When Inderjeet joined her new organisation as a virtual employee on a project team, she assumed it would be similar to jobs she had worked on. It surprised her how long it took to get to know her teammates and how long it took to feel like she was truly part of the team’s processes. A young woman, she was unique in her employer’s primarily male, more experienced culture, and this seemed to complicate how the existing team members worked with her.
She is not alone. Onboarding new employees in a virtual workplace can take longer and be more complex than getting up to speed in a traditional workplace.
Before the COVID-19 pandemic, many organisations were focused on creating inclusive workplaces. Enhancing the geographic, gender, ability and other forms of diversity was an important but (for many) not necessarily urgent, goal. Many of these efforts stalled in the early days of working from home. Now, as they continue running business in new ways and planning for the future, there are unprecedented opportunities to create a more inclusive, welcoming workplace if organisations choose to do so.

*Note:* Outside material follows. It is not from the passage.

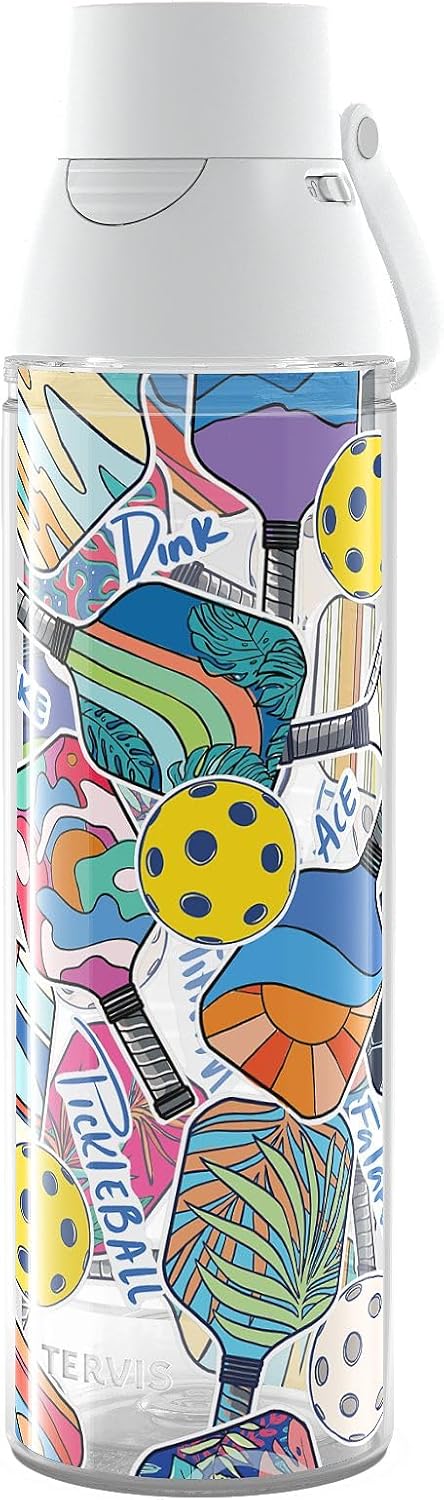 Tervis Venture Lite Pickleball - Spike Dink Ace Made in USA Double Walled Insulated Tumbler Travel Cup Keeps Drinks Cold & Hot, 24oz Water Bottle, Classic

The business, social, and political cases for widening their hiring practices are familiar to most readers. Some of the reasons are obvious: being able to recruit from a wider pool of employees, achieving internal goals for diversity, and becoming an employer of choice top the list, along with meeting legal requirements from various jurisdictions.
Many companies put efforts into recruiting and hiring from a larger pool of candidates. As great as it sounds, bringing people onboard is not the same as creating a high-functioning, productive work team, and certainly not the same as making it inclusive.
Denne historien er fra March 2021-utgaven av Indian Management.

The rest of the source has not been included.